Stored items:
[Start of Attachment]

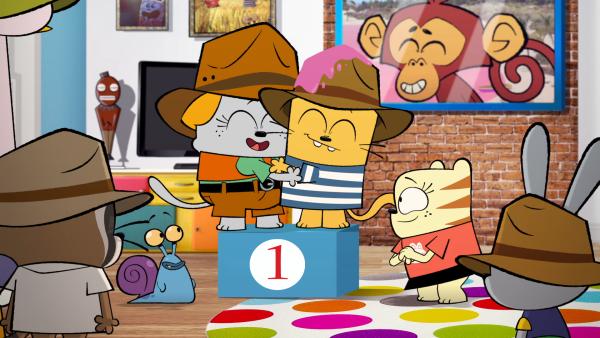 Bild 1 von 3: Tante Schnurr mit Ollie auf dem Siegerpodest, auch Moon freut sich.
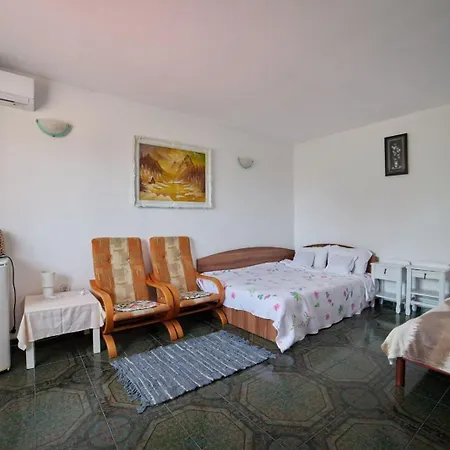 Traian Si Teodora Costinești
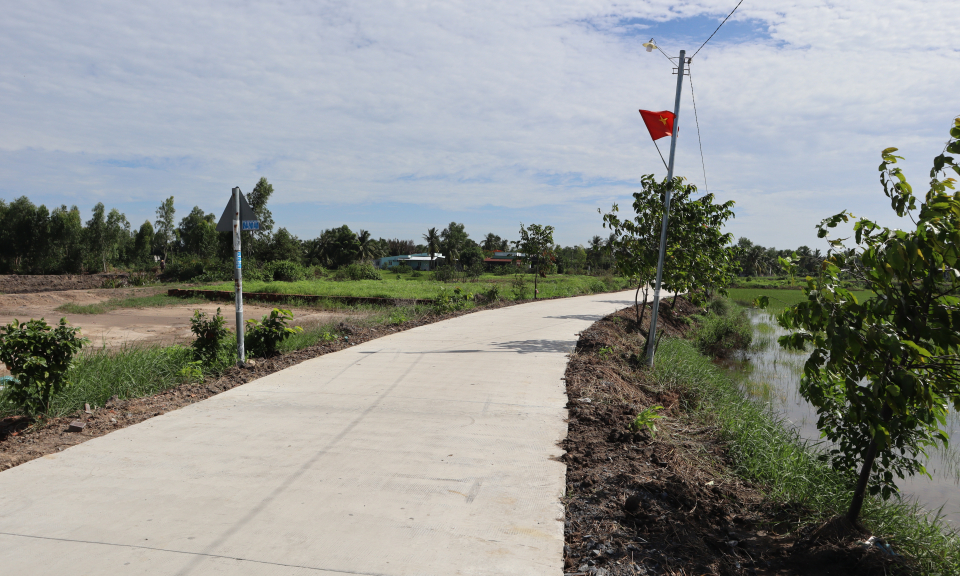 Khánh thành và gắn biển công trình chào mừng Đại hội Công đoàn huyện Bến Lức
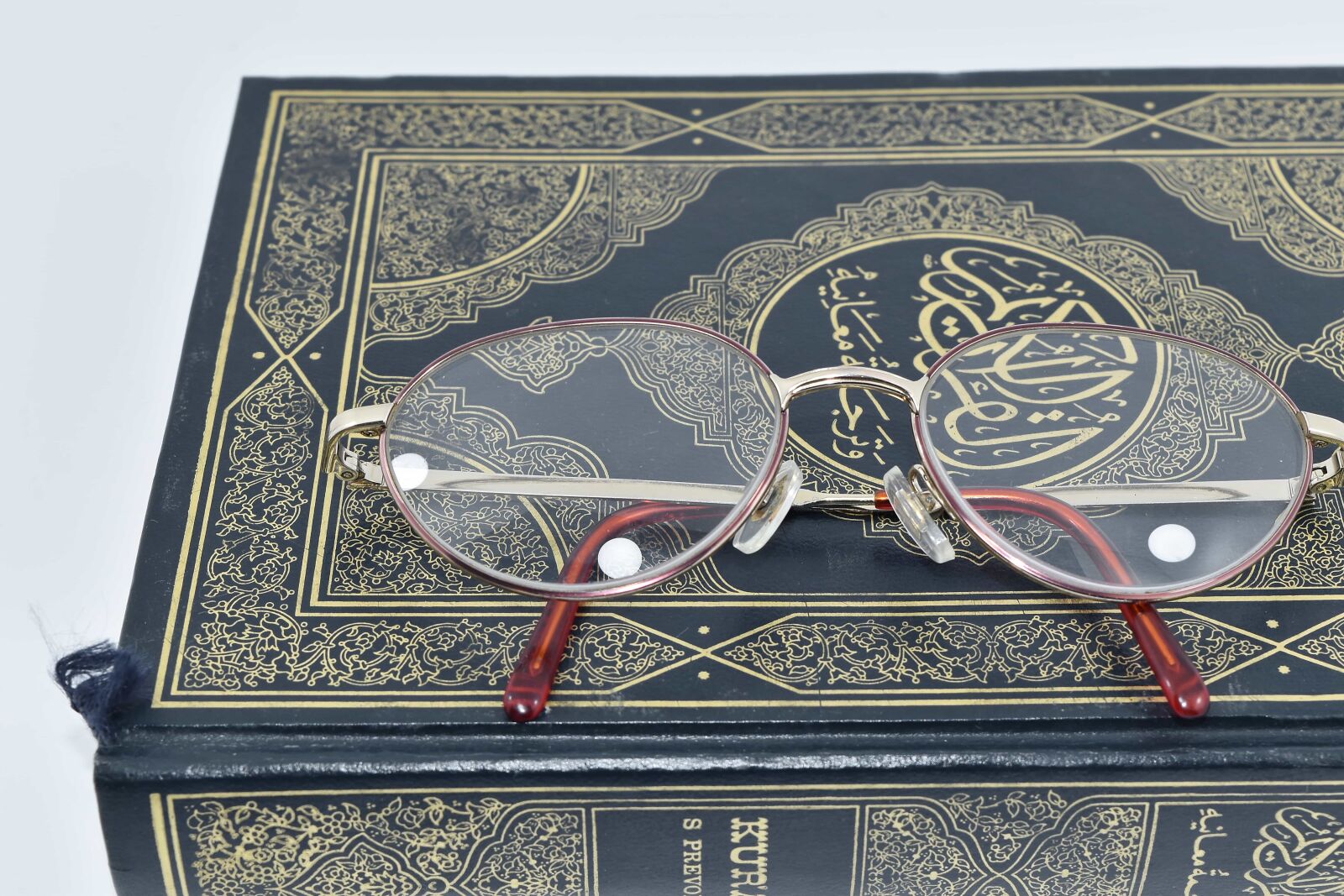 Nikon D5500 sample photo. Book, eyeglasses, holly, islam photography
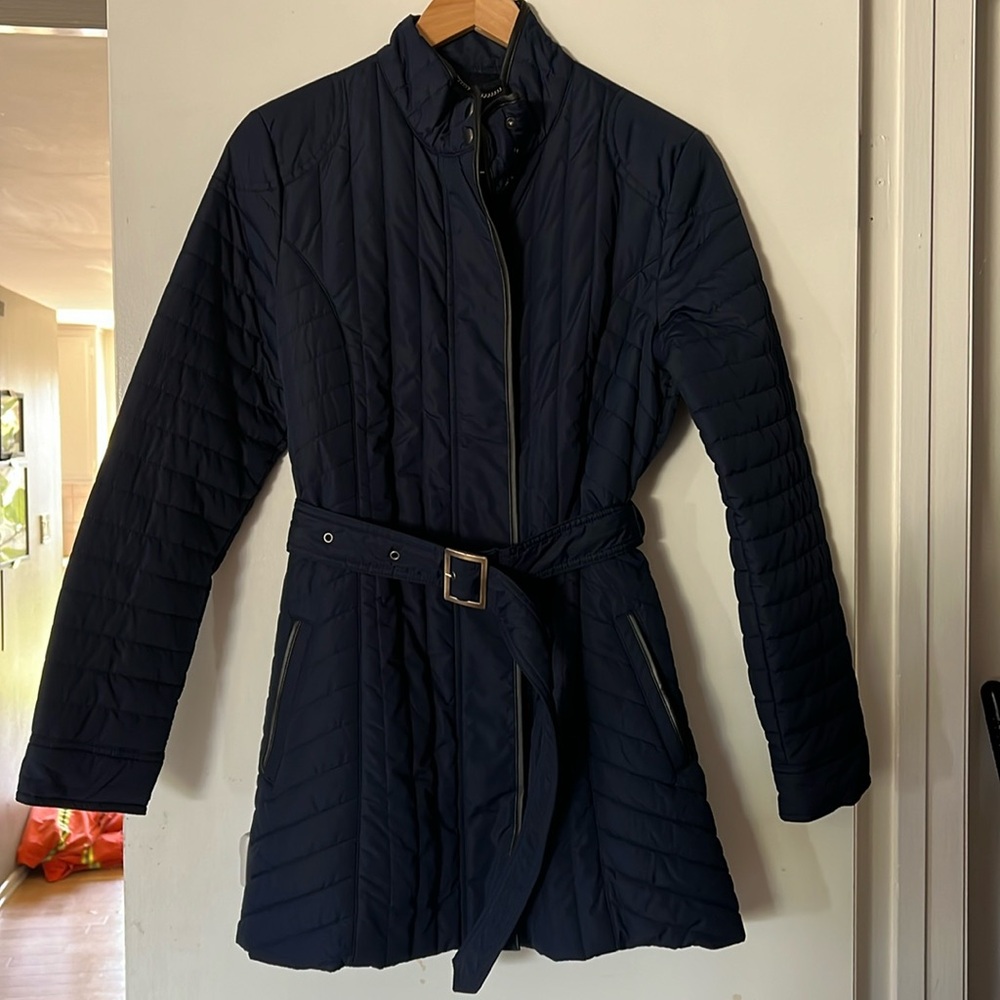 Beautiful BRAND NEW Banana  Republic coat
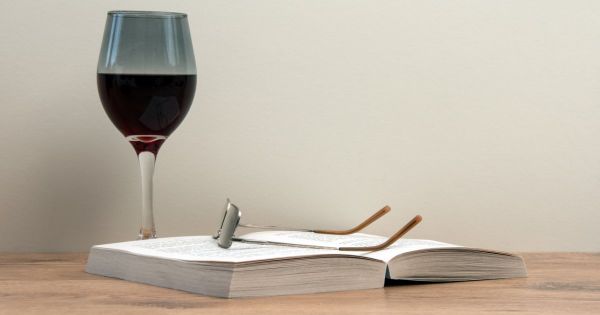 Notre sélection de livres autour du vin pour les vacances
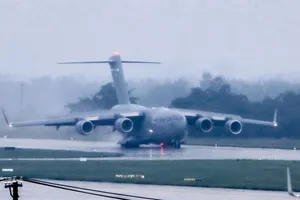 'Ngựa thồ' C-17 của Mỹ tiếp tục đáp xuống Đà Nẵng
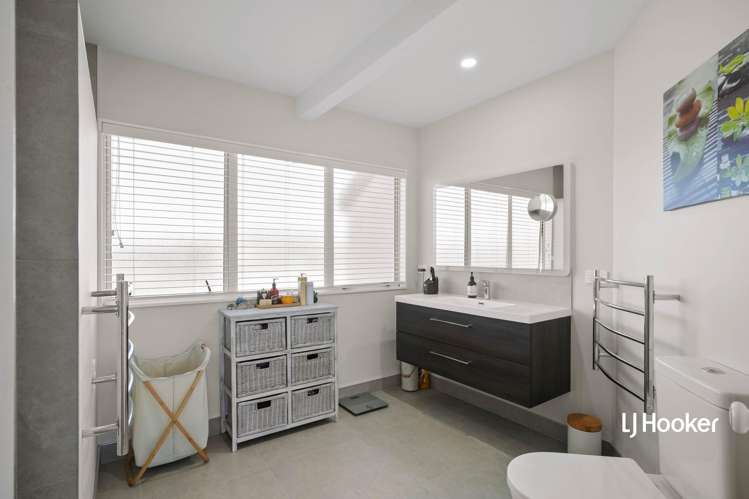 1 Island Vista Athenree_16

[End of Attachment]

• **Task instructions**
Print, without pictures, exactly the lines from the one containing "Beautiful BRAND NEW" through the final line of the records above.

• **Solved exercise**
 Beautiful BRAND NEW Banana  Republic coat
 Notre sélection de livres autour du vin pour les vacances
 'Ngựa thồ' C-17 của Mỹ tiếp tục đáp xuống Đà Nẵng
 1 Island Vista Athenree_16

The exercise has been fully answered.